**EXERCISE BRIEF**
I'd like the records transcribed exactly, leaving the images out.

**DATA LISTING**
= Beginning of Section =
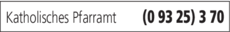 Anzeige Katholisches Pfarramt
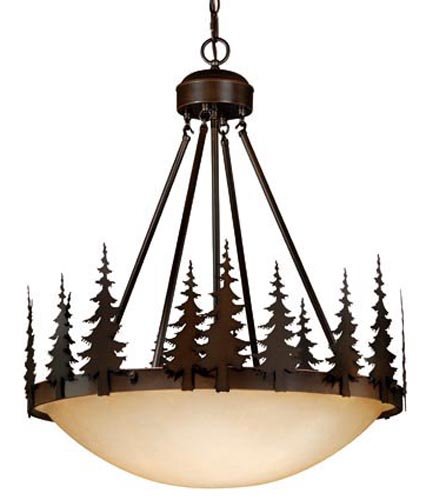 Vaxcel USA PD55524BBZ Yosemite 4 Light Rustic Foyer Pendant Lighting Fixture in Bronze, Glass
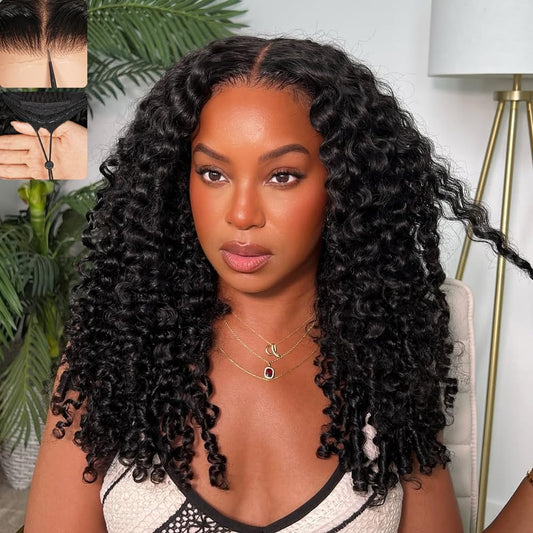 Wear and Go Drawstring Burmese Curly Glueless Pre Plucked HD 13x6 Lace Frontal Wigs Human Hair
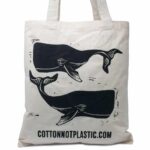 Lrg Natural 6oz Cotton Bag 38x42cm - WHALES - Image 2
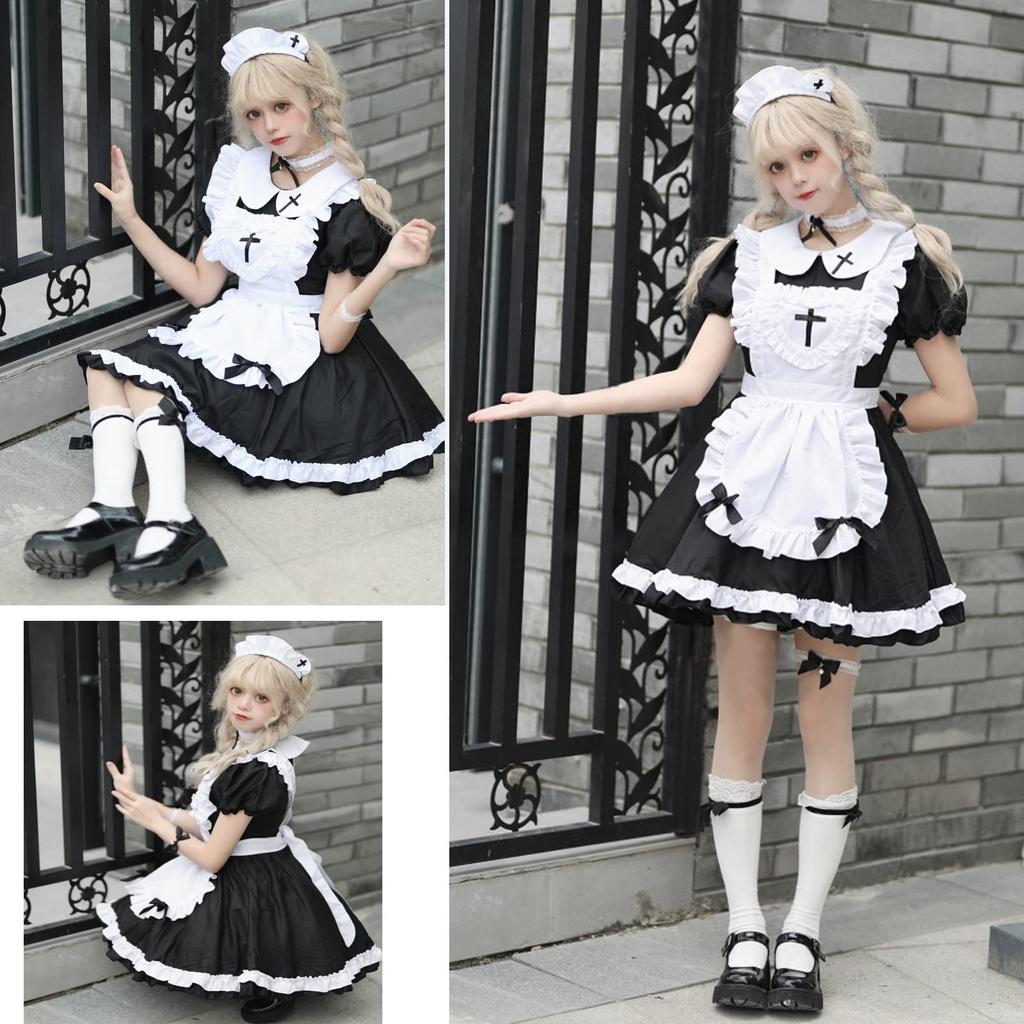 Костюм горничной для косплея Concafe, костюм горничной на Хэллоуин, готическая лолита, милый стиль Алисы, крест, готический, цельный костюм, короткая длина, костюм горничной, нарядный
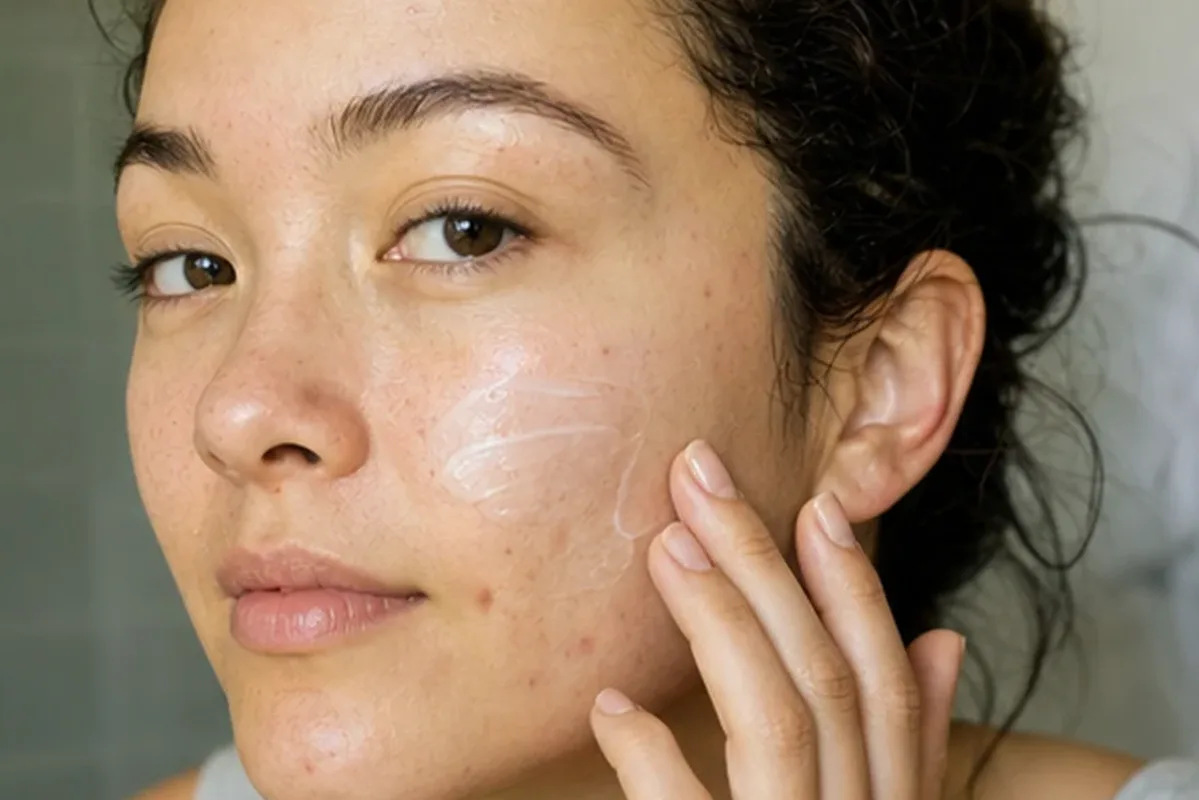 Authentischer Wohlfühlmoment passend zum Beauty-Thema Hyaluron-Serum für Mischhaut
= End of Section =
**TASK OUTPUT**
 Anzeige Katholisches Pfarramt
 Vaxcel USA PD55524BBZ Yosemite 4 Light Rustic Foyer Pendant Lighting Fixture in Bronze, Glass
 Wear and Go Drawstring Burmese Curly Glueless Pre Plucked HD 13x6 Lace Frontal Wigs Human Hair
 Lrg Natural 6oz Cotton Bag 38x42cm - WHALES - Image 2
 Костюм горничной для косплея Concafe, костюм горничной на Хэллоуин, готическая лолита, милый стиль Алисы, крест, готический, цельный костюм, короткая длина, костюм горничной, нарядный
 Authentischer Wohlfühlmoment passend zum Beauty-Thema Hyaluron-Serum für Mischhaut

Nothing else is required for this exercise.